The bulletin highlighted that the agriculture sector benefited from above-normal pre-monsoon rainfall and adequate reservoir storage, supporting rapid summer sowing. However, risks remain from unseasonal rainfall and rising minimum temperatures that could affect the harvesting of remaining rabi crops. Public foodgrain stocks also remain comfortably above buffer norms, ensuring food security.
On the external front, net foreign direct investment stayed positive for the second straight month in March, although foreign portfolio investors continued to remain net sellers in April and May, albeit at a slower pace. Retail inflation rose to 3.5 per cent in April, mainly due to higher food prices, while core inflation remained stable, indicating limited pass-through of input costs so far.
The RBI noted that the ongoing conflict in West Asia continues to pressure commodity markets, supply chains and global trade flows, adding volatility to financial markets. Still, India has entered this uncertain phase from a position of macroeconomic strength, with domestic demand remaining the primary driver of growth.
Amid concerns over the rupee's sharp decline and rising crude oil prices, the RBI is reportedly unlikely to aggressively raise interest rates solely to defend the currency, according to a Reuters report citing sources familiar with the central bank's thinking. Instead, policymakers are expected to prioritise inflation management and broader economic stability.
The report said the RBI believes inflation β rather than the rupee's exchange rate β should guide monetary policy decisions. Although the rupee has weakened significantly against the US dollar due to the global oil shock triggered by the Iran conflict, inflation remains within the RBI's 2-6 per cent tolerance band. Consumer price inflation stood at 3.48 per cent in April, though officials expect it could move closer to 5 per cent because of rising imported inflation pressures from expensive crude oil.
Sources quoted in the report suggested that sharp rate hikes could hurt economic growth without substantially stabilising the rupee.
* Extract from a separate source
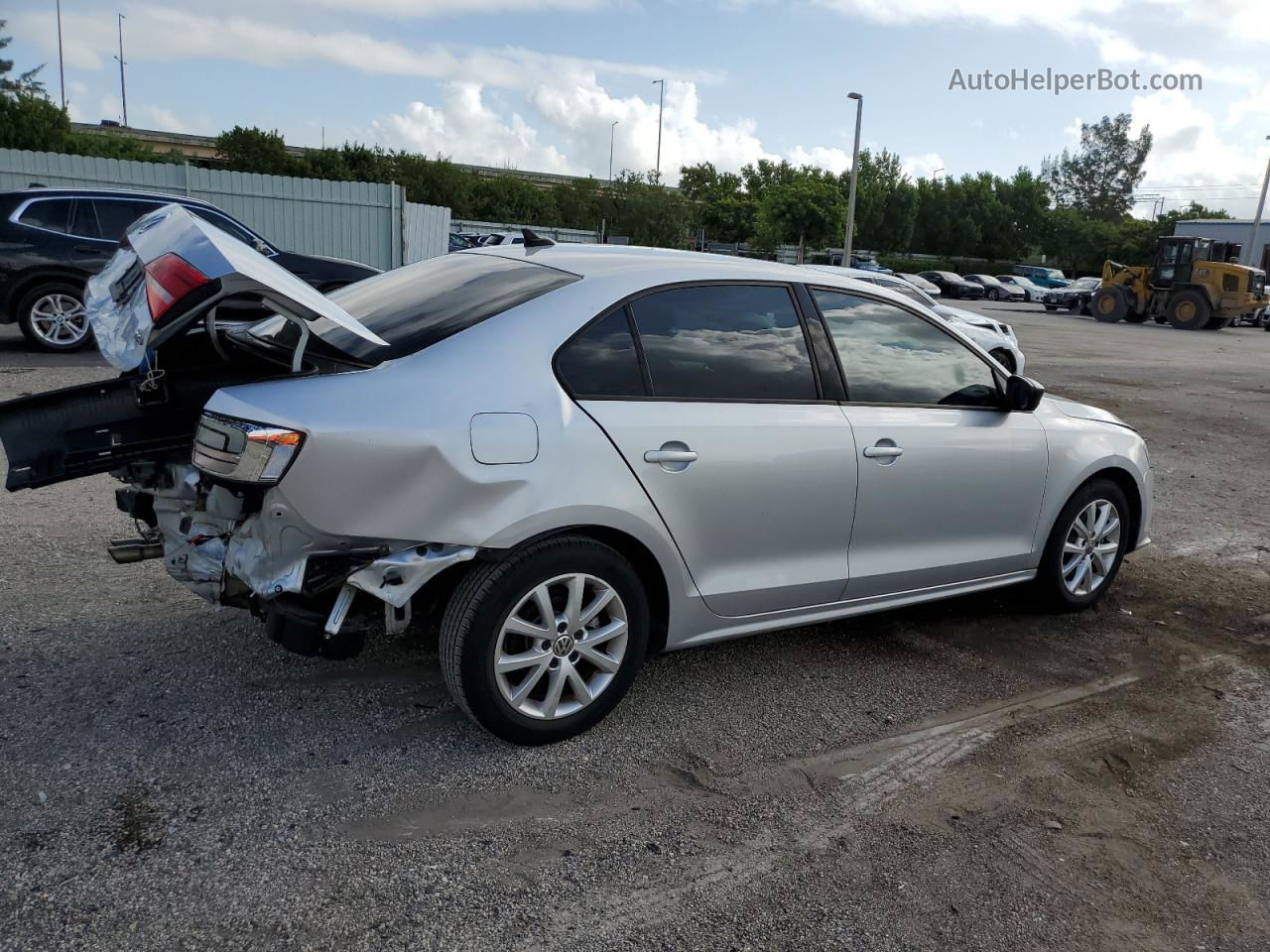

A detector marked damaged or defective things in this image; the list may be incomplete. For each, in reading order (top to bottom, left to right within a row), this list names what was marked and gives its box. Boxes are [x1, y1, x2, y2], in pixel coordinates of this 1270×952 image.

broken tail light [145, 253, 209, 323]
severe rear damage [0, 206, 474, 654]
Instead, the RBI is likely to rely on alternative tools such as dollar sales, liquidity measures, tax changes for debt investors and special deposit schemes for NRIs to manage currency volatility.

Markets, however, continue to price in the possibility of future rate hikes. Interest-rate swap markets currently expect at least 40 basis points of hikes over the next three months and more than 100 basis points over the next year. Several global institutions, including Standard Chartered, have also projected rate hikes amid concerns over inflation and the weakening rupee.
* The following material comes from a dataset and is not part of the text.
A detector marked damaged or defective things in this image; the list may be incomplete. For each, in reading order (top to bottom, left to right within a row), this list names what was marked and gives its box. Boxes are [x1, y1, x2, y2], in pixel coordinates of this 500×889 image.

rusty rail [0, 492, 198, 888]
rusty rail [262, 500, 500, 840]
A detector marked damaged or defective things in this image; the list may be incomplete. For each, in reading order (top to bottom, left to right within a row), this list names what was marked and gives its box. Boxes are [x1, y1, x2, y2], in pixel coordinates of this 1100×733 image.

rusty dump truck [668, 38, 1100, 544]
The rupee has remained under pressure as crude oil prices surged above $100 per barrel during the Iran conflict. The currency recently touched a record low near 96.96 against the US dollar after losing around 2.5 per cent over a nine-day losing streak. Since the conflict began in late February, the rupee has weakened nearly 6 per cent.
Despite concerns over the symbolic Rs 100-per-dollar mark, several economists have argued that policymakers should focus more on inflation, employment and economic growth. Former IMF Deputy Managing Director Gita Gopinath recently said the actual exchange-rate level matters less than its broader impact on jobs, inflation and output. Former NITI Aayog Vice Chairman Arvind Panagariya has similarly cautioned against obsessing over the rupee crossing the 100 mark.